▸ **PROBLEM DETAILS**
Filter the data below for the string "Eyed" and copy each matching line.

▸ **RECORDS FOR PROCESSING**
▬▬▬▬▬▬▬▬▬▬

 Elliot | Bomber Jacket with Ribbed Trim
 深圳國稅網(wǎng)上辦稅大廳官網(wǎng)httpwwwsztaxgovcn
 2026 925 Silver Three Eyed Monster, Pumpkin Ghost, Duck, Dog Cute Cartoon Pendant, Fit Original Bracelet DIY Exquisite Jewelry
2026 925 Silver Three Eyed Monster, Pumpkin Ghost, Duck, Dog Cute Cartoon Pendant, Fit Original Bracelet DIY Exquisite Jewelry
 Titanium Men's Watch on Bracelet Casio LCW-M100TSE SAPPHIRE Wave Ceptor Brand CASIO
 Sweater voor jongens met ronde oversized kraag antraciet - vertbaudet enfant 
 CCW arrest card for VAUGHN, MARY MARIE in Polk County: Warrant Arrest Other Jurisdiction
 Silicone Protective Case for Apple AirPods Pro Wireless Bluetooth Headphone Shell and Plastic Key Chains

▬▬▬▬▬▬▬▬▬▬

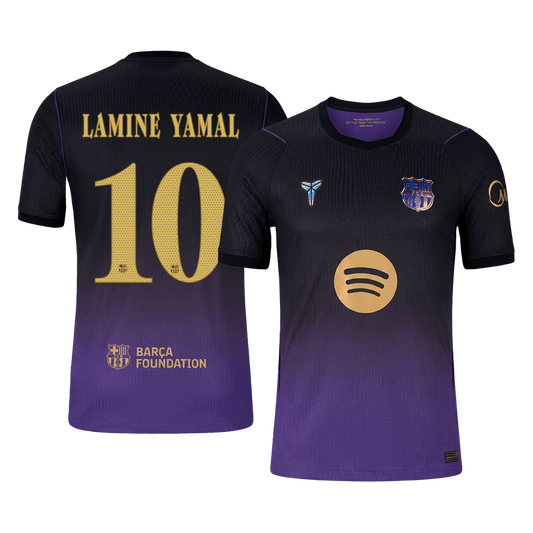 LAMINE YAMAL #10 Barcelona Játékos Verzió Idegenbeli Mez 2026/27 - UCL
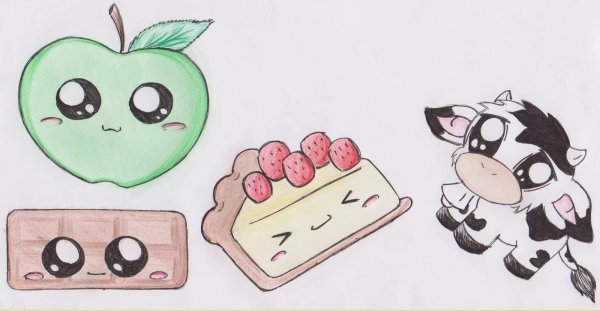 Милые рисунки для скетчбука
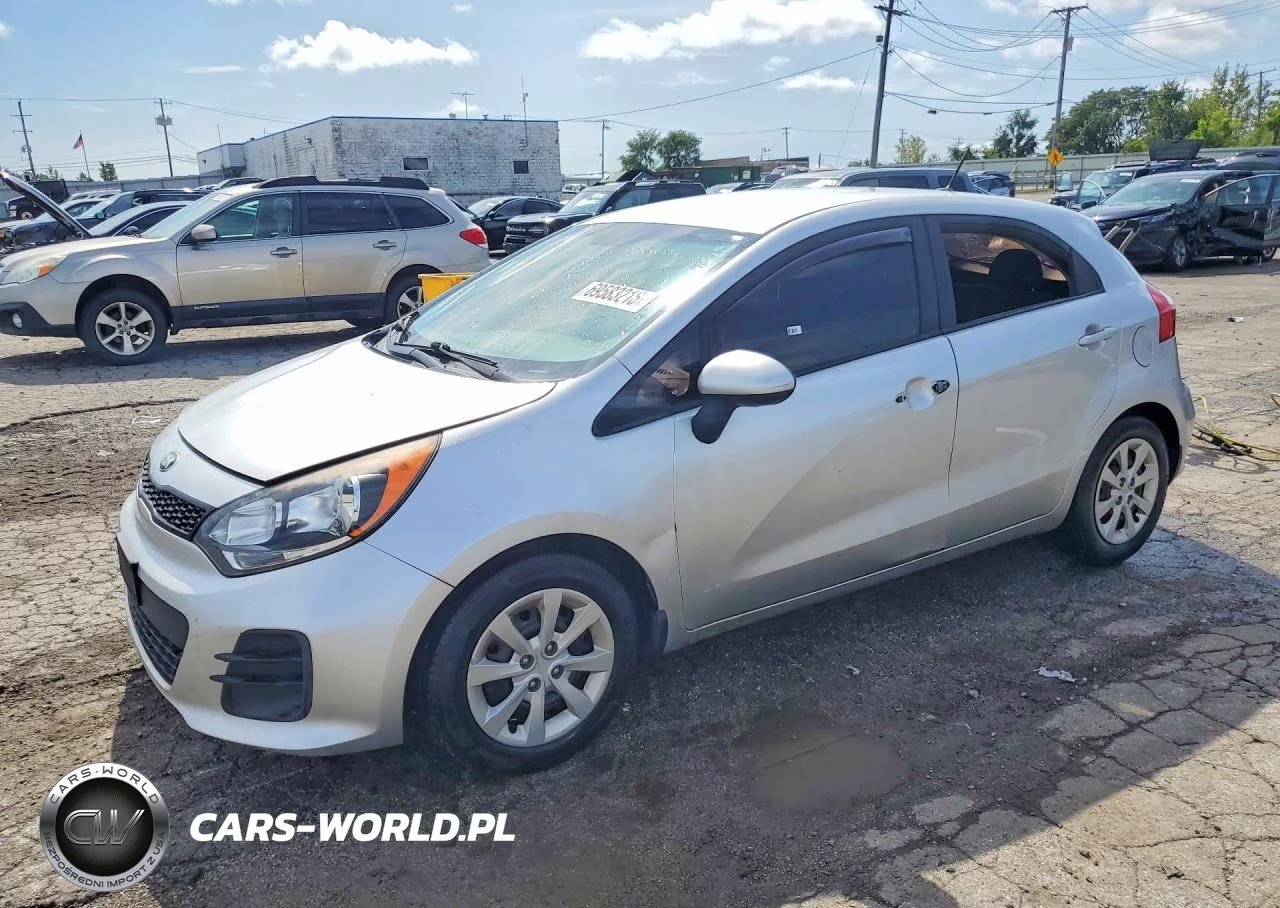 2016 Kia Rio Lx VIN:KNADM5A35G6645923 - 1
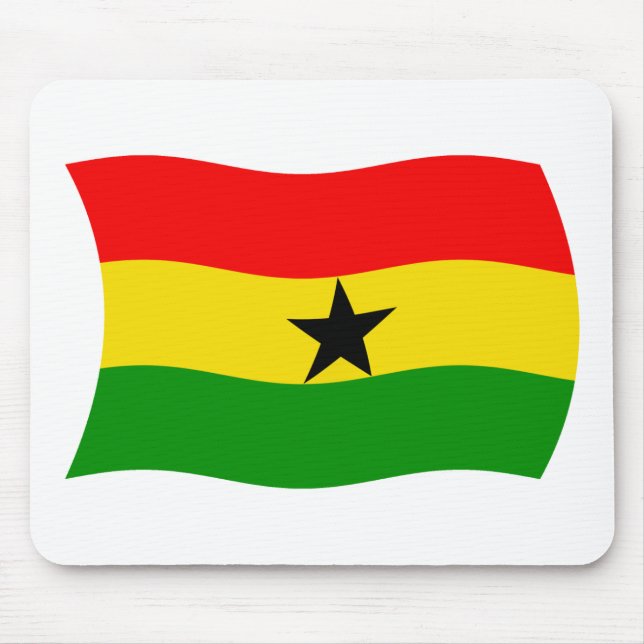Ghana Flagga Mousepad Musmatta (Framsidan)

▬▬▬▬▬▬▬▬▬▬

▸ **OUTPUT FOR THIS TASK**
 2026 925 Silver Three Eyed Monster, Pumpkin Ghost, Duck, Dog Cute Cartoon Pendant, Fit Original Bracelet DIY Exquisite Jewelry
2026 925 Silver Three Eyed Monster, Pumpkin Ghost, Duck, Dog Cute Cartoon Pendant, Fit Original Bracelet DIY Exquisite Jewelry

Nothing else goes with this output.